▶ **Work item**
Beginning with the line that contains "Dekor muri 60x3,5x93Hcm (HM4220), zezë", repeat each line exactly through the end of the listing below. Pictures stay out.

▶ **Input data**
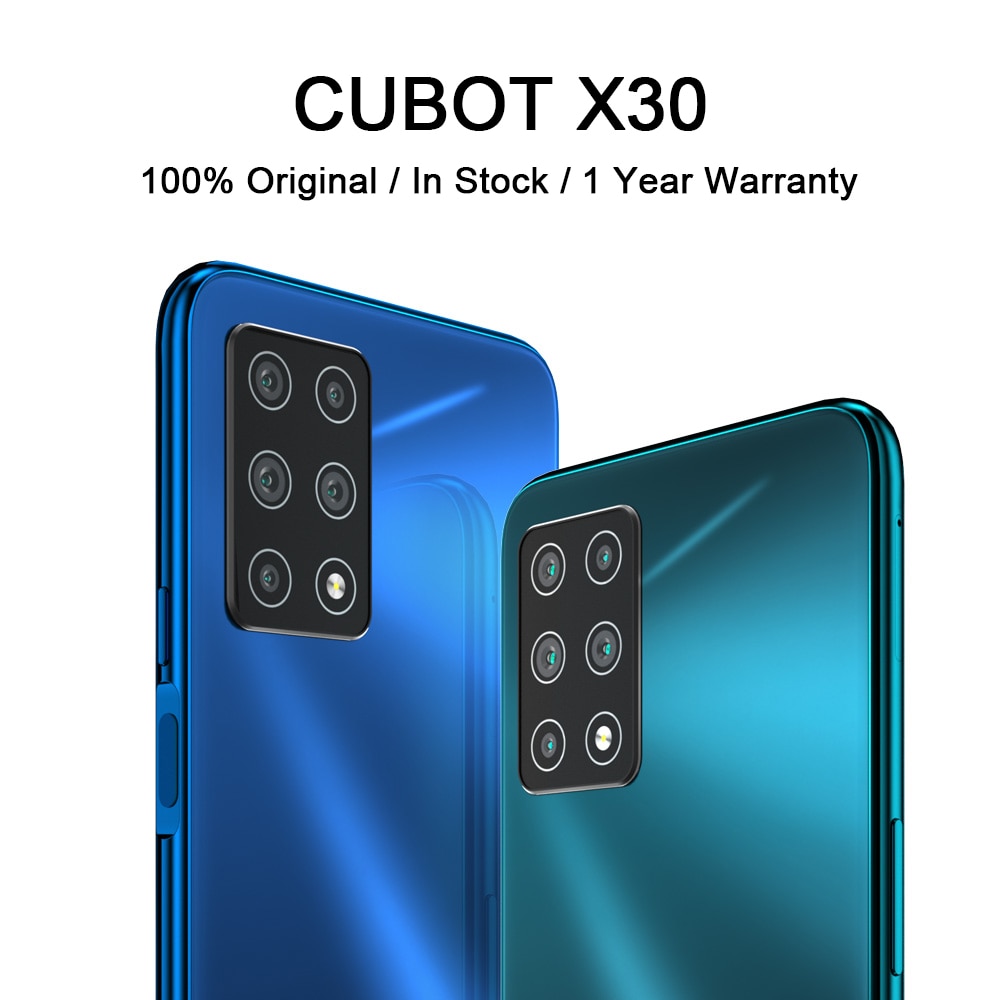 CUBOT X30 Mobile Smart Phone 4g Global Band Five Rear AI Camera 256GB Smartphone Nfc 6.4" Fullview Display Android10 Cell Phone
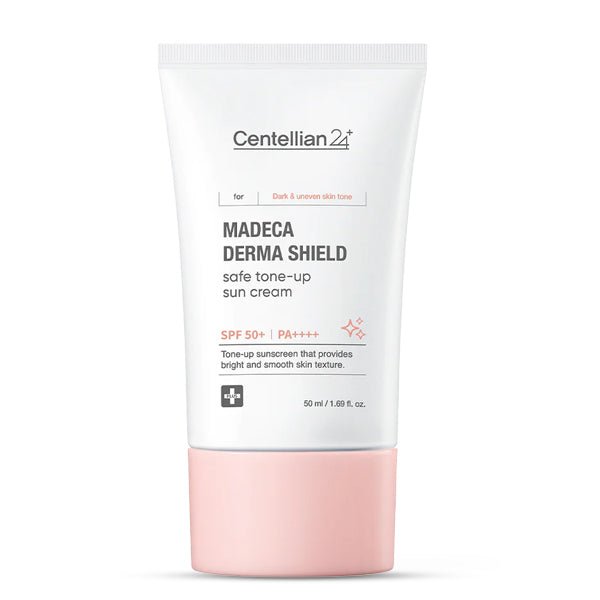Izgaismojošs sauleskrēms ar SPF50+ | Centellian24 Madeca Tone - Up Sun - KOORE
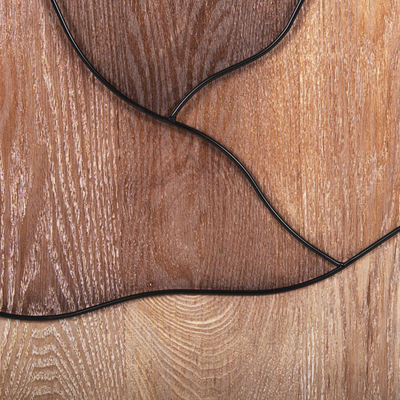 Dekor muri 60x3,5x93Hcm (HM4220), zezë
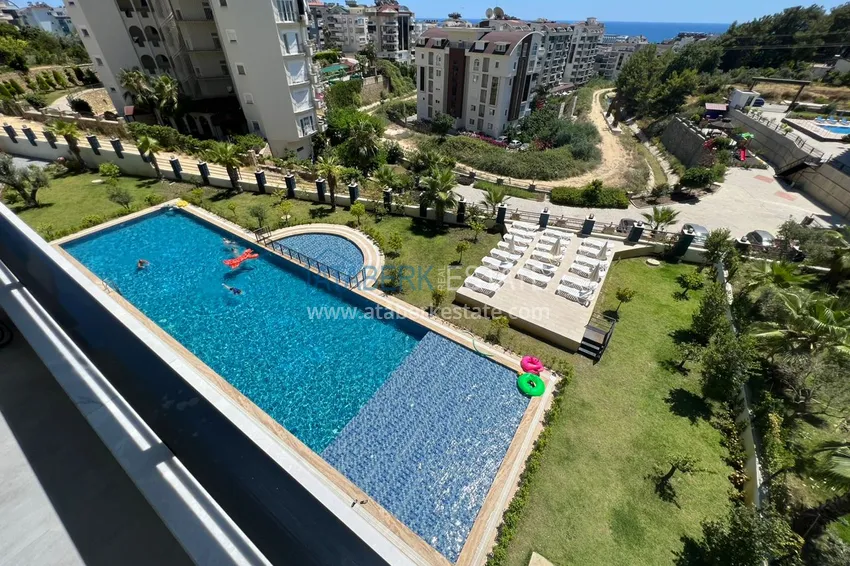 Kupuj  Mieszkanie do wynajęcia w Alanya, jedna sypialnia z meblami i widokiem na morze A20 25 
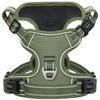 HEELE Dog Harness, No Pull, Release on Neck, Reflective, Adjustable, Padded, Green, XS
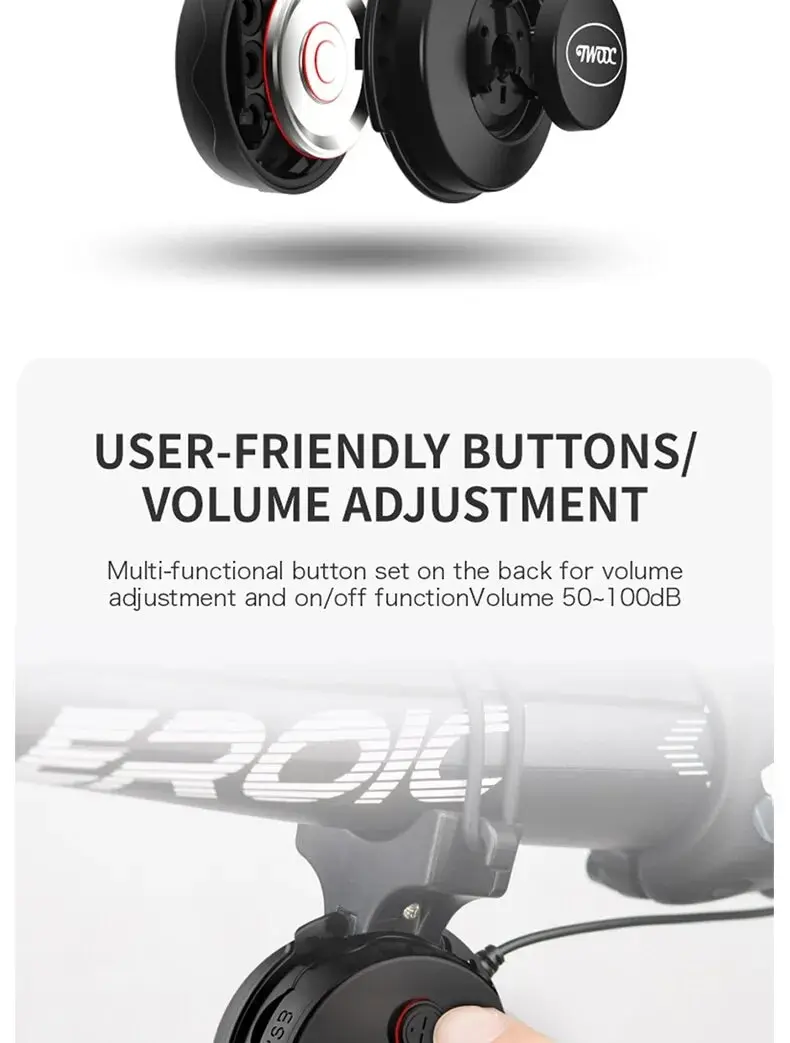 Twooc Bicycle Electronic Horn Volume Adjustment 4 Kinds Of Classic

▶ **Answer below**
 Dekor muri 60x3,5x93Hcm (HM4220), zezë
 Kupuj  Mieszkanie do wynajęcia w Alanya, jedna sypialnia z meblami i widokiem na morze A20 25 
 HEELE Dog Harness, No Pull, Release on Neck, Reflective, Adjustable, Padded, Green, XS
 Twooc Bicycle Electronic Horn Volume Adjustment 4 Kinds Of Classic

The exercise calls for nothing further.